Top of Given material

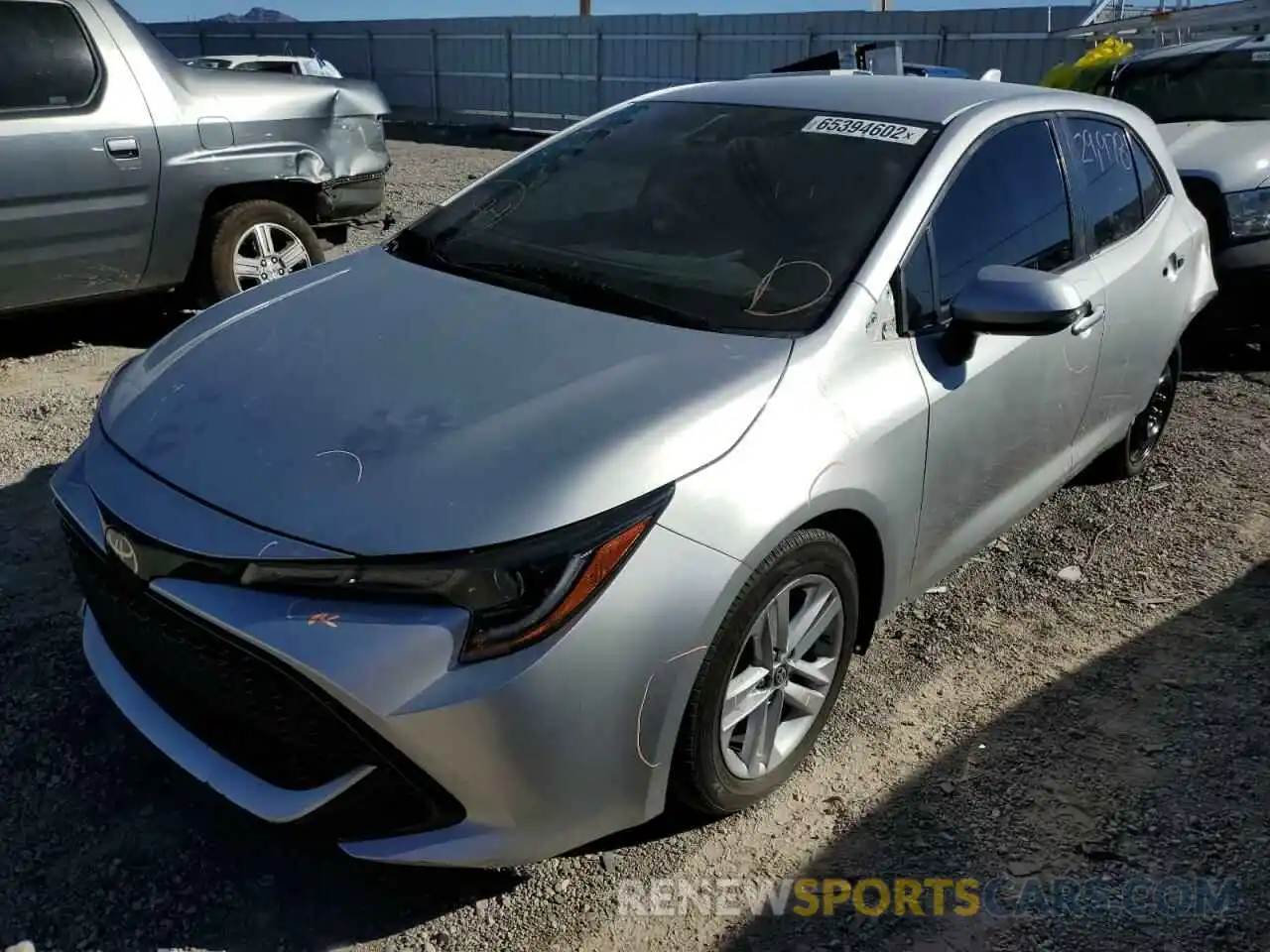 2 Photograph of a damaged car JTNK4RBE3K3064203 TOYOTA COROLLA 2019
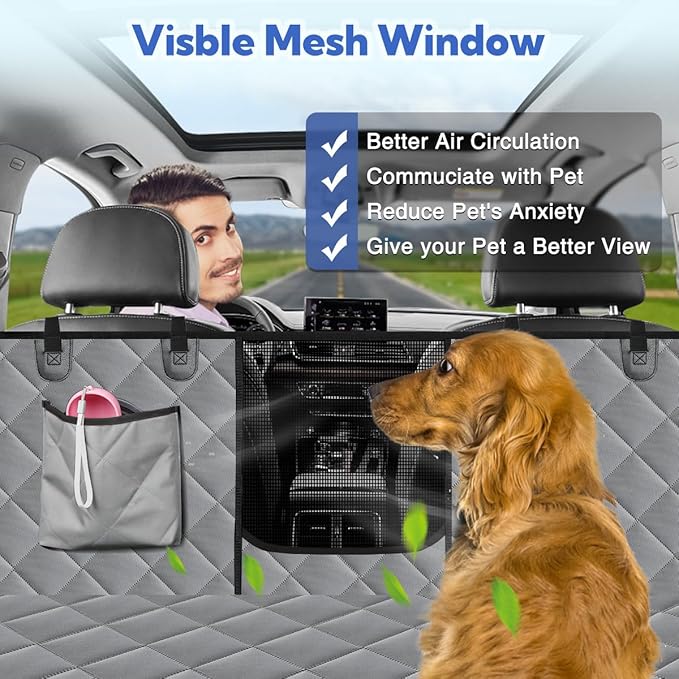 Kytely Dog Car Seat Cover for Back Seat,Waterproof Hammock with Mesh Window, Anti-Scratch Nonslip Car Seat Protector for Dogs, 600D Heavy Duty Dog Seat Cover for Cars Trucks and Suvs Gray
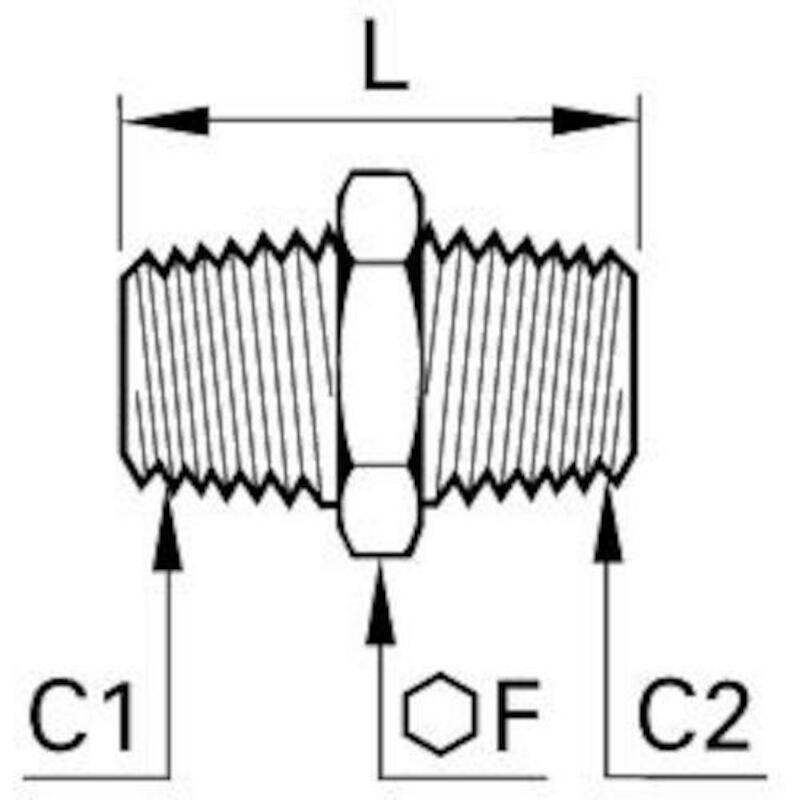 NIPPEL 1/4" X 1/4"          0121 13 13  MESS. LEGR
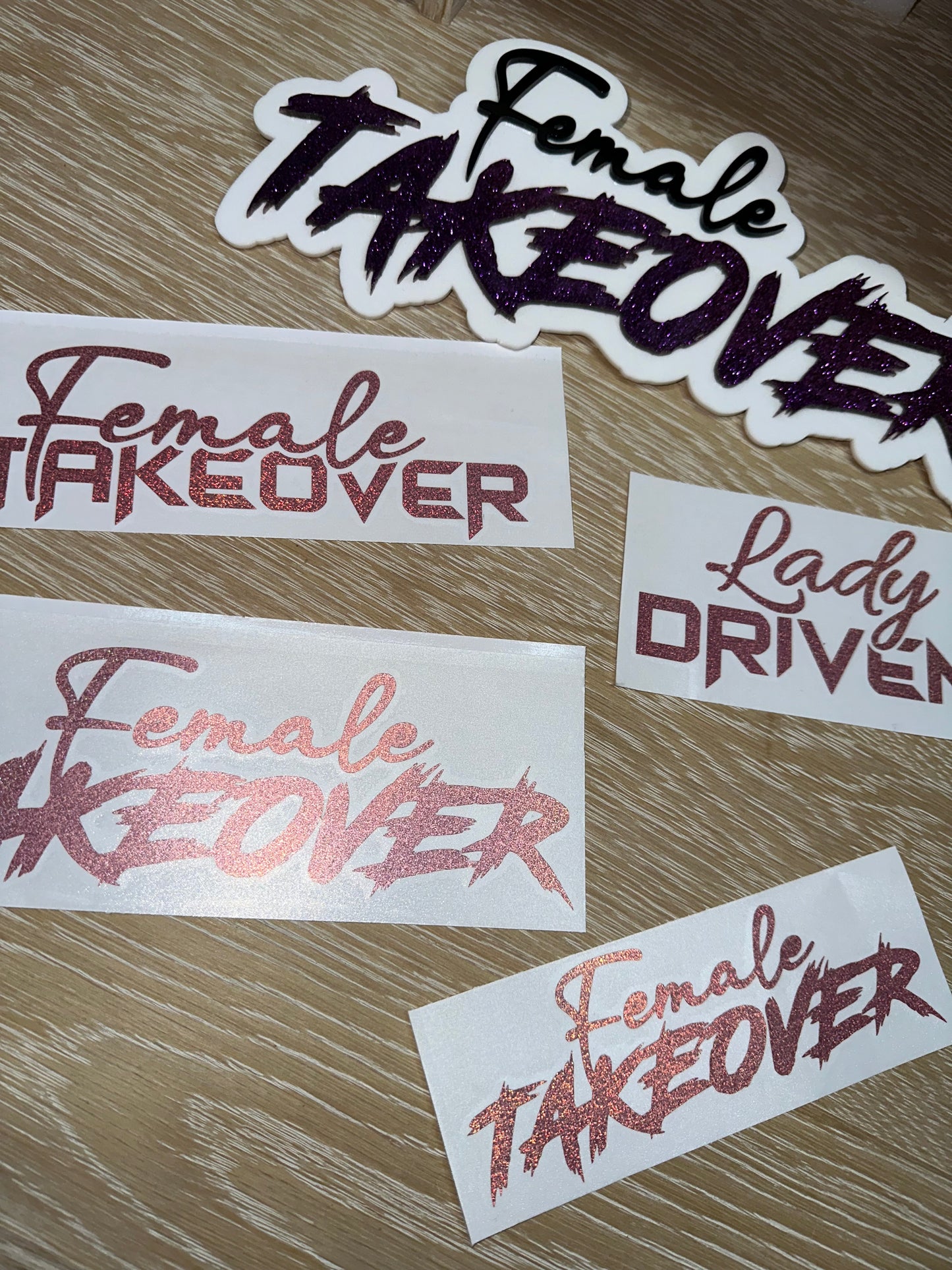 Rose Gold Holographic Glitter Decals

Bottom of Given material

**What to do:**
Word for word, reproduce the material above and omit each image.

**Result for this exercise:**
 2 Photograph of a damaged car JTNK4RBE3K3064203 TOYOTA COROLLA 2019
 Kytely Dog Car Seat Cover for Back Seat,Waterproof Hammock with Mesh Window, Anti-Scratch Nonslip Car Seat Protector for Dogs, 600D Heavy Duty Dog Seat Cover for Cars Trucks and Suvs Gray
 NIPPEL 1/4" X 1/4"          0121 13 13  MESS. LEGR
 Rose Gold Holographic Glitter Decals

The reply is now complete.